Stored items:
══════════════════════════════

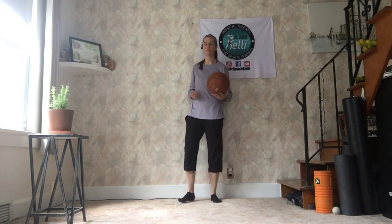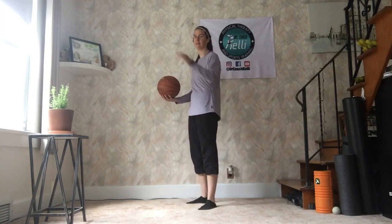Hey guys, today we're showing a standing overhead squat. I have a basketball. You can use just about anything for these — a plate, a pot, a pan, a ball — whatever you have laying around.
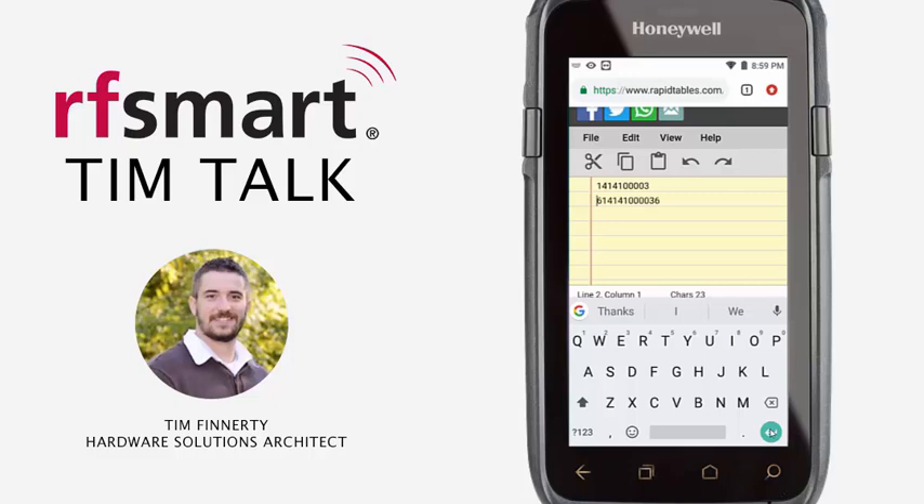And that is how you turn on the check digit and the number system characters on a UPCA barcode on a Honeywell device. Thanks.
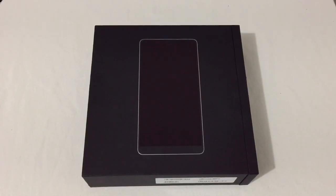Hey everyone, RJ here with CV Tech. This is the unboxing of the Essential PH-1 — let's take a look at it.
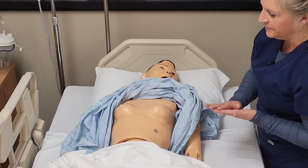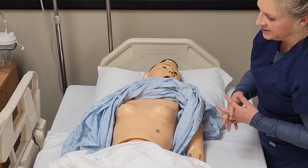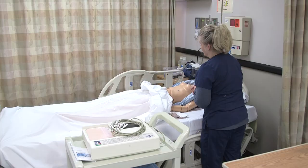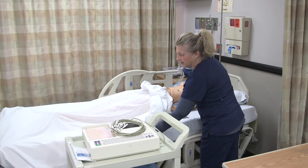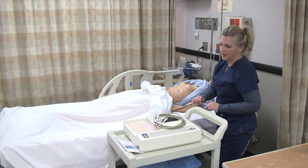Also, if there's any hair that is interfering, make sure that we can clip that or try to find an area close to where we're going that won't interfere. But typically if we have to clip the hair, we should, so that we have good conduction of our electrodes.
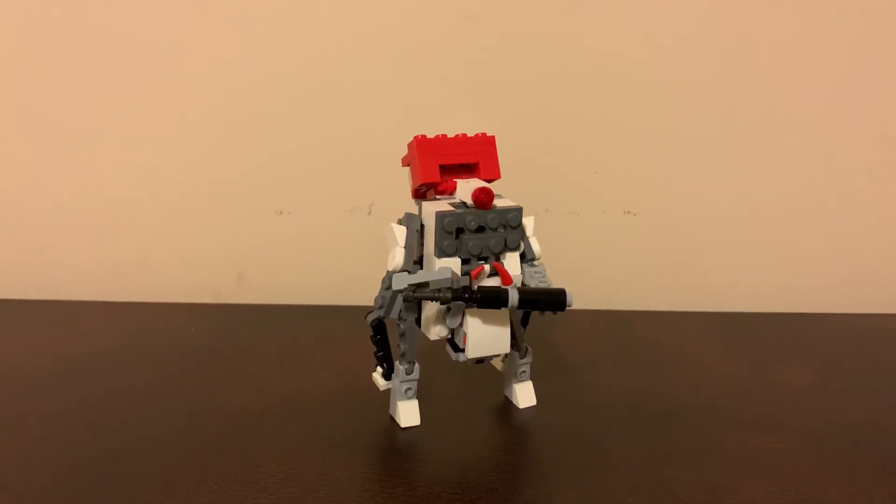That's gonna about do it for this video. That's been Hiller — look out for more Transformers being posted. I'm gonna post a couple more; I have a few more sitting that I need to make videos of. If you really liked the video, you can like it. If you like the Transformer and want to see more, you can subscribe. Thank you for watching, and I'll talk to you later.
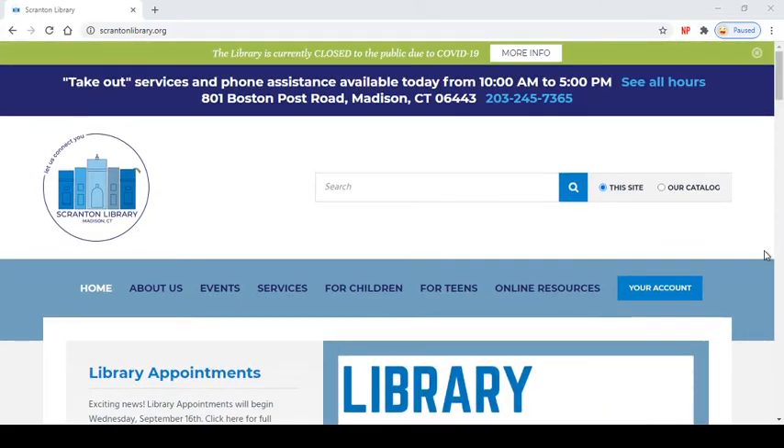Hi everyone, it's Lydia and we are going to learn today how to put a hold on a physical copy of something at the library so that you can come pick it up. What you need is your library card number and to be on our website which is ScrantonLibrary.org.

══════════════════════════════

◆ **What you should do**
Only the lines from the one that contains "Also, if there's" through the last line of the records may appear in the answer, retyped exactly and with no pictures.

◆ **Answer to this exercise**
Also, if there's any hair that is interfering, make sure that we can clip that or try to find an area close to where we're going that won't interfere. But typically if we have to clip the hair, we should, so that we have good conduction of our electrodes.
That's gonna about do it for this video. That's been Hiller — look out for more Transformers being posted. I'm gonna post a couple more; I have a few more sitting that I need to make videos of. If you really liked the video, you can like it. If you like the Transformer and want to see more, you can subscribe. Thank you for watching, and I'll talk to you later.
Hi everyone, it's Lydia and we are going to learn today how to put a hold on a physical copy of something at the library so that you can come pick it up. What you need is your library card number and to be on our website which is ScrantonLibrary.org.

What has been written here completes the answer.